Fire-detection technology plays a critical role in ensuring public safety and facilitating the development of smart cities. Early fire detection is imperative to mitigate potential hazards and minimize associated losses. However, existing vision-based fire-detection methods exhibit limited generalizability and fail to adequately consider the effect of fire object size on detection accuracy.

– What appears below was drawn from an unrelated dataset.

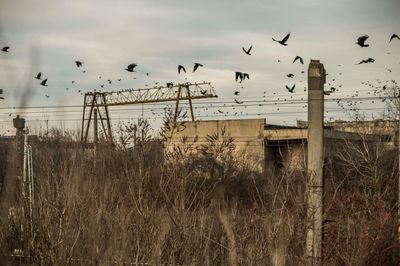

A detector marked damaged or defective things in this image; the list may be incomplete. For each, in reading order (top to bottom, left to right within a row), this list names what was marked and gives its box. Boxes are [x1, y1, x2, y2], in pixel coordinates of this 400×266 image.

To address this issue, in this study a decoder-free fully transformer-based (DFFT) detector is used to achieve early smoke and flame detection, improving the detection performance for fires of different sizes. This method effectively captures multi-level and multi-scale fire features with rich semantic information while using two powerful encoders to maintain the accuracy of the single-feature map prediction. First, data augmentation is performed to enhance the generalizability of the model. Second, the detection-oriented transformer (DOT) backbone network is treated as a single-layer fire-feature extractor to obtain fire-related features on four scales, which are then fed into an encoder-only single-layer dense prediction module. Finally, the prediction module aggregates the multi-scale fire features into a single feature map using a scale-aggregated encoder (SAE). The prediction module then aligns the classification and regression features using a task-aligned encoder (TAE) to ensure the semantic interaction of the classification and regression predictions. Experimental results on one private dataset and one public dataset demonstrate that the adopted DFFT possesses high detection accuracy and a strong generalizability for fires of different sizes, particularly early small fires. The DFFT achieved mean average precision (mAP) values of 87.40% and 81.12% for the two datasets, outperforming other baseline models. It exhibits a better detection performance on flame objects than on smoke objects because of the prominence of flame features.

查看原文

微信好友朋友圈 QQ好友复制链接

本刊更多论文

基于变压器的早期烟雾和火焰检测

火灾探测技术在保障公共安全和促进智慧城市发展方面发挥着至关重要的作用。早期火灾探测对于减轻潜在危险和减少相关损失至关重要。然而，现有的基于视觉的火灾探测方法泛化能力有限，未能充分考虑火物大小对探测精度的影响。为了解决这一问题，本研究使用无解码器的全变压器检测器(DFFT)实现了早期的烟雾和火焰检测，提高了对不同大小火灾的检测性能。该方法能够有效捕获具有丰富语义信息的多层次、多尺度火灾特征，同时使用两个功能强大的编码器保持单特征地图预测的精度。首先，对数据进行扩充，增强模型的泛化能力。其次，将面向检测的变压器(DOT)骨干网作为单层火灾特征提取器，在四个尺度上获取火灾相关特征，然后将这些特征送入仅编码的单层密集预测模块。最后，预测模块使用比例聚合编码器(SAE)将多尺度火灾特征聚合到单个特征映射中。然后，预测模块使用任务对齐编码器(task-aligned encoder, TAE)来对齐分类和回归特征，以确保分类和回归预测的语义交互。在一个私有数据集和一个公共数据集上的实验结果表明，所采用的DFFT对不同规模的火灾，特别是早期小型火灾具有较高的检测精度和较强的泛化能力。DFFT在两个数据集上的平均精度(mAP)分别为87.40%和81.12%，优于其他基线模型。由于火焰特征的突出，该方法对火焰物体的检测性能优于对烟雾物体的检测。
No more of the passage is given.